In each case, the technology is presented as the main innovation, while the person remains nearby to absorb the mistakes, pressure and responsibility.

That image challenges the optimistic sales pitch, where machines take over dull duties and leave people with more rewarding roles.

In Doctorow’s reading, the software may receive the authority, while the person nearby absorbs the pressure when deadlines are missed, customers complain or automated recommendations fail.

The same pattern can appear in entry-level office work. A junior employee may be asked to review summaries, emails or reports generated by software, but without the training time that once helped people learn a profession from the ground up.

The job debate is already here

For Doctorow, the risk is not magical machine intelligence. It is a familiar workplace struggle over wages, surveillance, staffing levels and responsibility.

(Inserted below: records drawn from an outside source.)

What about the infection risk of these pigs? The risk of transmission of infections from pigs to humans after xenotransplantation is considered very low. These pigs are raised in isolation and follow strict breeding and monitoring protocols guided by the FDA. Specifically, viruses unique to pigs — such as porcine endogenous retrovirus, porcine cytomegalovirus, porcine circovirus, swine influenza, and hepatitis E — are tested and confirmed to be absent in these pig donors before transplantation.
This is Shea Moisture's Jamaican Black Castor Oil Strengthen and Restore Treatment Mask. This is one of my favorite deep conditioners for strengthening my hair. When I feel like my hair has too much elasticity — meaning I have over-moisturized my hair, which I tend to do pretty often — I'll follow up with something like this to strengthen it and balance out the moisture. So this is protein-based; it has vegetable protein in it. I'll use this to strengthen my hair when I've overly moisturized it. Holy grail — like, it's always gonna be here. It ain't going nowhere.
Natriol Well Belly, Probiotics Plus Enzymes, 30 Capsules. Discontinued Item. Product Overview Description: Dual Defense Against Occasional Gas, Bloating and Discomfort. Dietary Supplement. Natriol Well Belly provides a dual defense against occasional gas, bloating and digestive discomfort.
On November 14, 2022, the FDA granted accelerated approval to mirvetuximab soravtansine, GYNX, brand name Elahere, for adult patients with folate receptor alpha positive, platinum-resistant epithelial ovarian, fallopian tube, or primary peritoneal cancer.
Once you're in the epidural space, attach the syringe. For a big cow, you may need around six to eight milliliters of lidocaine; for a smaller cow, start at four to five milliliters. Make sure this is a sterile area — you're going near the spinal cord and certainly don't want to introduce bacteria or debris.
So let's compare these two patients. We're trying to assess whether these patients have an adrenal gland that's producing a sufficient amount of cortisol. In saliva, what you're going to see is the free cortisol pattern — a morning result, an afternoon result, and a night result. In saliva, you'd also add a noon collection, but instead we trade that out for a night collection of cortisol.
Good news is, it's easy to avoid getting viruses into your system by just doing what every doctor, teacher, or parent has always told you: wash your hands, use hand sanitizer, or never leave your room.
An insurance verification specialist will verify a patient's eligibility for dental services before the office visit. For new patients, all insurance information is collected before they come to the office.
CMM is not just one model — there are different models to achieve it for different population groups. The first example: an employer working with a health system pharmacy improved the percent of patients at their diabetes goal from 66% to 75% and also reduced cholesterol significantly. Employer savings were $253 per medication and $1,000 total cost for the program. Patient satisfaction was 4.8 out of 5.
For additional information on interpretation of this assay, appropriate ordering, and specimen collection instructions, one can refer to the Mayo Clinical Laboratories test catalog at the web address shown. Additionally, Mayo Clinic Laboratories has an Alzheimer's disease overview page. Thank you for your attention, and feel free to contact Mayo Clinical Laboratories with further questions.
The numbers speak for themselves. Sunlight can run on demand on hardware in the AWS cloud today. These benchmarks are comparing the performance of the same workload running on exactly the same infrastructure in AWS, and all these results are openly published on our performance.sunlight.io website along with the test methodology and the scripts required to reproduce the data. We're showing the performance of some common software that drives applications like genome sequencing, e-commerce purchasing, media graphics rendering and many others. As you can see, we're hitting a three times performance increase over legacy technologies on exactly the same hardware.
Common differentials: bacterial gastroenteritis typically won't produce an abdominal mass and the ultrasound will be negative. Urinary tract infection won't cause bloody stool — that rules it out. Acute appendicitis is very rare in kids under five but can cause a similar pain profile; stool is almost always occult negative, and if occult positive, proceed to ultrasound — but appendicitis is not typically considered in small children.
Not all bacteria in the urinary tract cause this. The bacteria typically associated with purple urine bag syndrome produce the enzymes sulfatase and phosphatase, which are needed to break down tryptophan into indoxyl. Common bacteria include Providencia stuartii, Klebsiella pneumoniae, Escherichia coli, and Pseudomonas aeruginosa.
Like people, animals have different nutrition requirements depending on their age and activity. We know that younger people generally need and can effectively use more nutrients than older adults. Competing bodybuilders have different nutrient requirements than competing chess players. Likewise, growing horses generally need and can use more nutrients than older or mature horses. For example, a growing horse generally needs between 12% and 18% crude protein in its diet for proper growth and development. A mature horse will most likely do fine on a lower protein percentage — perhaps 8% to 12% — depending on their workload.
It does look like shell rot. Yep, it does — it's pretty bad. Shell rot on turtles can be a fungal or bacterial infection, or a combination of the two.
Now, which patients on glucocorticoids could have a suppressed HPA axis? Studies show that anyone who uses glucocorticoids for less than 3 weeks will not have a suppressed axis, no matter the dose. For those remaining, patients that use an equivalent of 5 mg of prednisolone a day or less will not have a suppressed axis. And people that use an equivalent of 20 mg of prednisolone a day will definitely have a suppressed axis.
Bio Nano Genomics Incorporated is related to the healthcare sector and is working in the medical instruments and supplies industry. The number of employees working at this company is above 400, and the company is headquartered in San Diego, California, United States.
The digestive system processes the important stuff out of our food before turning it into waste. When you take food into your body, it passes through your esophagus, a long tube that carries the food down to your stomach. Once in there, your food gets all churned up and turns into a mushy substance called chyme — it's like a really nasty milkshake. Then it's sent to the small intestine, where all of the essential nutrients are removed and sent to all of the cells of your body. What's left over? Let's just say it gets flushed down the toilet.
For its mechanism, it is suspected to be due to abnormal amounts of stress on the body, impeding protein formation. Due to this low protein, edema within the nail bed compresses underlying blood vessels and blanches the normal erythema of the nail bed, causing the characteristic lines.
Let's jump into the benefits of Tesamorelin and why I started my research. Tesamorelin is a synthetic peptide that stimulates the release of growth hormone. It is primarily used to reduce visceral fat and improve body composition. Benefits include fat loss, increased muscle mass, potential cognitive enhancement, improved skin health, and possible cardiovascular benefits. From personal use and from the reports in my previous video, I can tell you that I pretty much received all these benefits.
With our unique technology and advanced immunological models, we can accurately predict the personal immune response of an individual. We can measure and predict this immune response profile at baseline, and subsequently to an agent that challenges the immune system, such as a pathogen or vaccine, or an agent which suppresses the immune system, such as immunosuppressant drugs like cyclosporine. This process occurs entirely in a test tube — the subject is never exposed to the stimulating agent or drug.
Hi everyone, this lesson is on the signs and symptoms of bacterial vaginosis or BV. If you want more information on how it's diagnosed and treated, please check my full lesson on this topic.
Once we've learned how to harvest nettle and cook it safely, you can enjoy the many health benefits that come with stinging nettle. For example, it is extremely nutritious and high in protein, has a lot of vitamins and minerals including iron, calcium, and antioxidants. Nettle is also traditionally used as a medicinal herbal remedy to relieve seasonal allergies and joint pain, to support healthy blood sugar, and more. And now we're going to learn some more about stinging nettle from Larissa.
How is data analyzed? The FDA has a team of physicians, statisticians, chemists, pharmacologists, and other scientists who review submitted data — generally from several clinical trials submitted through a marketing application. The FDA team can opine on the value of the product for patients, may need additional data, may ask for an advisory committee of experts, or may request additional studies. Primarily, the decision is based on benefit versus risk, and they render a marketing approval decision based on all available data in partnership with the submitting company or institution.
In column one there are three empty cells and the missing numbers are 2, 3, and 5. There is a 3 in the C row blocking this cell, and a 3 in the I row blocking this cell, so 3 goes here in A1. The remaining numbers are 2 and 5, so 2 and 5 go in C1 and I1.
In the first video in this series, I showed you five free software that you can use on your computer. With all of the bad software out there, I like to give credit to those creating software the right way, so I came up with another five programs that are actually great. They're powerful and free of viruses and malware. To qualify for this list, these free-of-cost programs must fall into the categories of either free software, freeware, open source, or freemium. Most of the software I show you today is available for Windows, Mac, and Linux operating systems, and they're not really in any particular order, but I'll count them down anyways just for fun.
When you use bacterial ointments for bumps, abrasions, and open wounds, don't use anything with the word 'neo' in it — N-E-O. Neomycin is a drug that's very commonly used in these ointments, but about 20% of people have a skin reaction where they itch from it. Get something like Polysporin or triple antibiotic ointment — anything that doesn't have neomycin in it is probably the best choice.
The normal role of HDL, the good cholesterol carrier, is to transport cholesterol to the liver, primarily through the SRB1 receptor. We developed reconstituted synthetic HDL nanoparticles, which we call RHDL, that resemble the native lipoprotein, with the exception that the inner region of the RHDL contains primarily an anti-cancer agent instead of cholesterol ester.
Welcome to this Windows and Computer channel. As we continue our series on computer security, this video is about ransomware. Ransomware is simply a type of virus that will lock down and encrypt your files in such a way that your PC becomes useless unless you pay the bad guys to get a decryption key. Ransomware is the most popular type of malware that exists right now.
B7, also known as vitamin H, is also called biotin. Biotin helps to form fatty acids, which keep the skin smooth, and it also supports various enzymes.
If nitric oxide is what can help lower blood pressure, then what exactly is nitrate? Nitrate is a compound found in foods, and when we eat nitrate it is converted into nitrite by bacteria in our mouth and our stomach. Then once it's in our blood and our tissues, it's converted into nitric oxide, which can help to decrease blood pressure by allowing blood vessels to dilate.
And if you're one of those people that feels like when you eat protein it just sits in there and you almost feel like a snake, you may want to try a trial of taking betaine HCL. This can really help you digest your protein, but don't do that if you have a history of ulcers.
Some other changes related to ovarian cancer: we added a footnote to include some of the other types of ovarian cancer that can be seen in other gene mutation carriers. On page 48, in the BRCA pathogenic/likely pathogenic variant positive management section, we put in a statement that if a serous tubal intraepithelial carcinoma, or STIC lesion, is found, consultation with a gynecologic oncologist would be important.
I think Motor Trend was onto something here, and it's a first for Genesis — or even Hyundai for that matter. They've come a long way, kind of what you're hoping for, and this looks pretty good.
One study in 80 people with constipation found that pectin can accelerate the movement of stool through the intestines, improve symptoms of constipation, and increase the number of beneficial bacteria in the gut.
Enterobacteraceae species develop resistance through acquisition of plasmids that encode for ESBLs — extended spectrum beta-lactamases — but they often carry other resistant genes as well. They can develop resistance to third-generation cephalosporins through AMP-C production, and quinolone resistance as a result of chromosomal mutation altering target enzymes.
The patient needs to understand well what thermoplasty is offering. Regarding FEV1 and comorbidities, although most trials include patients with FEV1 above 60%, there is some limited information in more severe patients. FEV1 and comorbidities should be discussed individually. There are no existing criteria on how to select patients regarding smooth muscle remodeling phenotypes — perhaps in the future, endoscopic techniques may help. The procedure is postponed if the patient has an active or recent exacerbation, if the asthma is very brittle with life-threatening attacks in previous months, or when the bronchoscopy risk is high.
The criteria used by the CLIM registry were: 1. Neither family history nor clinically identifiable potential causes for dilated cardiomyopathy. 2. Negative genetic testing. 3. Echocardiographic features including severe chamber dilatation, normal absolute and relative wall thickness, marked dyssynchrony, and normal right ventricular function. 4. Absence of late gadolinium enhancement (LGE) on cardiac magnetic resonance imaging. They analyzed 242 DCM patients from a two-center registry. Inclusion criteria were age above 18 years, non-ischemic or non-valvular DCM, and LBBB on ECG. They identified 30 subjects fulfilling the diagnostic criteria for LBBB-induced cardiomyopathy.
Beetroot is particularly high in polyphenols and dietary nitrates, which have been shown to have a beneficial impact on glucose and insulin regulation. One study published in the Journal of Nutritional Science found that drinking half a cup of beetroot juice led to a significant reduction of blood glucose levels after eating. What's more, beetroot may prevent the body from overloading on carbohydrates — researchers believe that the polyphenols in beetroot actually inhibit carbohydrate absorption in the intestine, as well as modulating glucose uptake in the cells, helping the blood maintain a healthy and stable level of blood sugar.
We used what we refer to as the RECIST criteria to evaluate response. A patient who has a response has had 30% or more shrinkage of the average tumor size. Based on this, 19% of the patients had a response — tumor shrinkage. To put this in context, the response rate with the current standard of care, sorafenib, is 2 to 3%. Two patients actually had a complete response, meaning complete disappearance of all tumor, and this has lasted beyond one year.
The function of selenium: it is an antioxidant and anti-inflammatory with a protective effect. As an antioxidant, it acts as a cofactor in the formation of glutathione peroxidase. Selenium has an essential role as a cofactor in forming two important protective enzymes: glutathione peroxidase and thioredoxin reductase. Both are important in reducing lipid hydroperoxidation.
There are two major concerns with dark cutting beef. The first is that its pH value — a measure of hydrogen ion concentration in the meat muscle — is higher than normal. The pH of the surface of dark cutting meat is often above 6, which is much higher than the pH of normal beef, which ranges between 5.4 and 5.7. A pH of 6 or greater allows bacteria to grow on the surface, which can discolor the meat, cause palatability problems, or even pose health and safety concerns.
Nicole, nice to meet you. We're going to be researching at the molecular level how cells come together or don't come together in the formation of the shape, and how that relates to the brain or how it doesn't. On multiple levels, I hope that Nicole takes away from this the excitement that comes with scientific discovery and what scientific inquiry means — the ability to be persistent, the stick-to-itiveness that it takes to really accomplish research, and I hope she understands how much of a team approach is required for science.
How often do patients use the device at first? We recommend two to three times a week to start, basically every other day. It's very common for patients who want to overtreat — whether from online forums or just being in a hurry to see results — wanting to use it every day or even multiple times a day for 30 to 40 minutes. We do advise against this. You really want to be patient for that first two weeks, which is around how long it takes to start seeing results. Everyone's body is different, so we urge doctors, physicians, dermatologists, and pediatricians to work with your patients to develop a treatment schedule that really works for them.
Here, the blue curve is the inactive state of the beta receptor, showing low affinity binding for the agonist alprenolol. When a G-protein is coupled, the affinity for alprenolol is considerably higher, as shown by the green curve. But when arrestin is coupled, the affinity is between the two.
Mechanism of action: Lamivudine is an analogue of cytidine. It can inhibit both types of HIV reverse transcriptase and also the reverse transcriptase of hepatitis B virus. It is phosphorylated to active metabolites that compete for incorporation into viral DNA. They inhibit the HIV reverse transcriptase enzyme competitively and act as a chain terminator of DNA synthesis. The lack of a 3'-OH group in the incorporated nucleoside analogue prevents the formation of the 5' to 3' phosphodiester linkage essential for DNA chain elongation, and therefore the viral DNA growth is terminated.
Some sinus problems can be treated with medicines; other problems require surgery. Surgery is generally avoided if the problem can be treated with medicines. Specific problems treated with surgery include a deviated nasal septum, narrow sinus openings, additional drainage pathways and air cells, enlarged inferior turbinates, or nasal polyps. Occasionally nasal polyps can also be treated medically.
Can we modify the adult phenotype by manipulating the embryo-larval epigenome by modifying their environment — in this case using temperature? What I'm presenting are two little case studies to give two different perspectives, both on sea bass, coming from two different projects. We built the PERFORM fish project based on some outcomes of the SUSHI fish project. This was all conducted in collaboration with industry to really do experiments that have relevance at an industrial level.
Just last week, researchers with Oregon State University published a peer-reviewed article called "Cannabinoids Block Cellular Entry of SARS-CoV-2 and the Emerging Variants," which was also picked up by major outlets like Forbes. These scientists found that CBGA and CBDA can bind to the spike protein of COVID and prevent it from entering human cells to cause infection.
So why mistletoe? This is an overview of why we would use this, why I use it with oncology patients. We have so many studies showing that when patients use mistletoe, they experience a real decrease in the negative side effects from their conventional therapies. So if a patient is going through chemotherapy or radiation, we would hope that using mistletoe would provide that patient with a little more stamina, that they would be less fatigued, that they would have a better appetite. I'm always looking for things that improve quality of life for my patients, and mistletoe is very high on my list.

That matters across countries with very different labor protections. In unionized workplaces, employees may be able to negotiate how AI tools are introduced. In weaker labor markets, staff may have little room to question new monitoring systems, faster targets or sudden changes to job descriptions.

The effects may also fall unevenly. Clerical, administrative and customer-facing roles could be reshaped faster than jobs requiring physical presence, personal care or on-site judgment.

Doctorow’s broader warning is that an AI crash would not stay confined to venture capital or stock prices.

If the market turns, job cuts, public budgets and social protections could all become part of the fallout.